July 4, 2006
Robert Tulip in Chapter 5 of his The Place of Ethics in Heidegger's Ontology says that there is:
... a definite ethical undercurrent informing Heidegger’s work, but it is not made explicit and remains at the level of a hidden ‘elan’, an impulse giving direction and meaning to his ideas. That his ethics take the form of such an unsaid elan, rather than an explicit teaching, can be attributed both to his wish to re-establish thought on the foundations of existential ontology, and to his serious criticisms of the way ethics has functioned in philosophy in the past...The discussion in the Letter on Humanism about the relation of ontology to ethics provides the only direct exposition of an ethical dimension in Heidegger's thought, with its development of the existential analytic into the suggestion that ontology is itself the original ethics.
I've always worked with a sense of an ethical undercurrent in Heidegger, though I have been very unclear as to what the undercurrent is.
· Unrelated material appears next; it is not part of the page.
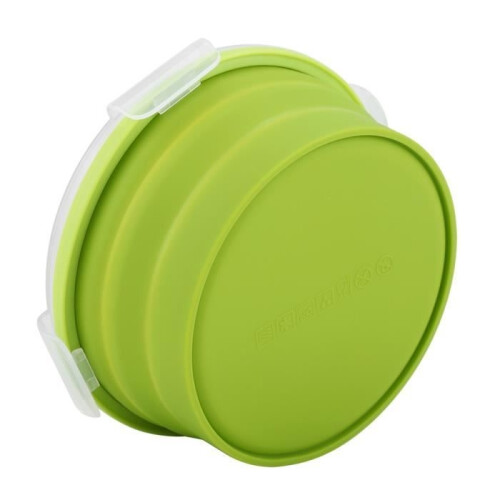 Lunch box - QIILU - Round model - 800 ml - Food-grade silicone - Collapsible and stackable 1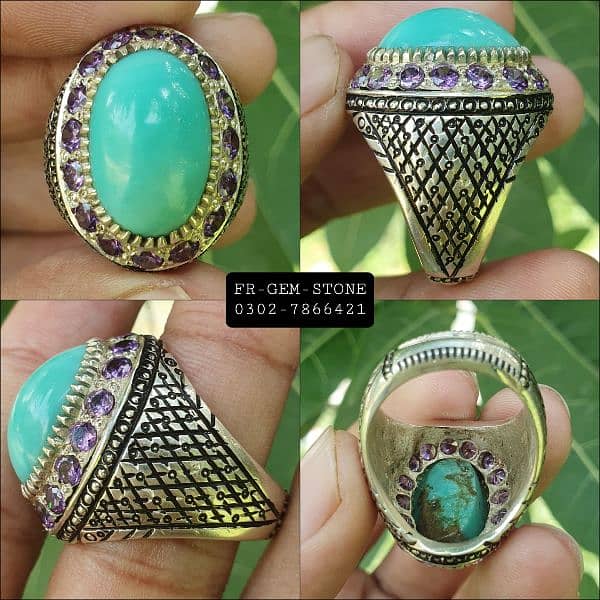 Natural Irani Neshapuri Feroza Stone Vip Hand Made Pure Chandi Ring 0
Tulip says that:
One of the key arguments of the Letter on Humanismis a development of the thesis presented in the Introduction to Metaphysics that 'the ethical' has become the degraded modern moral counterpart of what the ancients understood as the 'ethos'. If our ethics are effectively to assist the understanding of truth and the improvement of the human situation, they cannot be only a matter of arbitrarily decided rules and norms, but must be anchored in the ground of our Being. .... For Heidegger, this primal subsistent basis is identified with the 'ethos'. He therefore suggests that ethos "denotes not mere norms, but 'mores' based on freely accepted obligations and traditions".
Ethos comes to mean whatever norms or rules prevail in a particular situation.